Work on the new Santro is in full swing in South Korea, and it will come in the beginning of 2018, sources confirmed. Market leader Maruti Suzuki has said it plans to launch several small cars in the coming months. The new Santro is expected to be priced at Rs 4 lakh, and will also compete with the Renault Kwid and Datsun family of mini-cars.
The company, which is eying one million unit sales a year by 2020, expects that the emotional recall of the Santro brand will ensure success of the relaunch. If Maruti launches a new small car and calls it “800”, it will be a runaway success, a source in the know of Hyundai’s launch plans told HT. Incidentally, Maruti sells 2 million cars a year.
There will be a few changes in the new Santro, though.

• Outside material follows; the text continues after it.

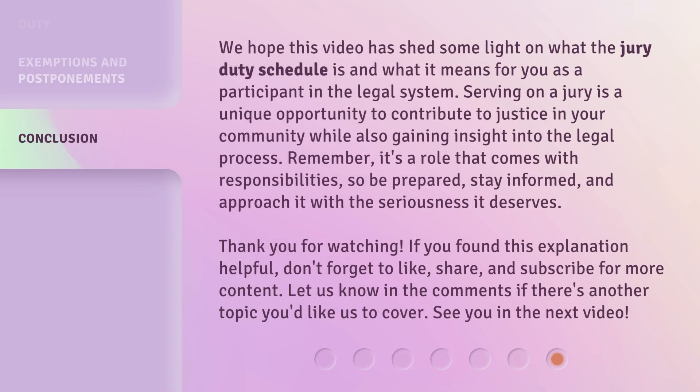We hope this video has shed some light on what the jury duty schedule is and what it means for you as a participant in the legal system. Serving on a jury is a unique opportunity to contribute to justice in your community while also gaining insight into the legal process. Remember, it's a role that comes with responsibilities, so be prepared, stay informed, and approach it with the seriousness it deserves. Let us know in the comments if there's another topic you'd like us to cover. See you in the next video.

The “tall-boy” structure, which was in-vogue in the early 2000s, doesn’t appeal to the car buyer anymore. “There is only one tall boy, the WagonR, and its numbers have also fallen from the peak… The Santro will be tallish, but will look much younger, sleeker and stylish,” said the source.
Santro played a pivotal role in catapulting Hyundai to the number two position among car-makers in India. It also changed the industry with its design and technology, with the 1998 Santro ushering in multi-point fuel injection, while its main competitor Maruti 800 was still running on carburettors.

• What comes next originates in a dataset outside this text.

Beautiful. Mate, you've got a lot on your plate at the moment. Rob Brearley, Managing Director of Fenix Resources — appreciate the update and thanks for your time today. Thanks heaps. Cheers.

The popular response to the Hyundai car eventually forced Maruti to embrace the new technology.
Even when it was phased out 16 years ago, Hyundai was selling 2,500-3,000 units of the Santro every month, so it was a mystery why the company took the step. Sources said there were multiple reasons, such as safety and styling.
One important factor was the Grand i10. Hyundai decided to divert the Santro’s assembly line to the new car. Now, when the Santro returns, the i10 will gradually get phased out. The wheel comes a full circle.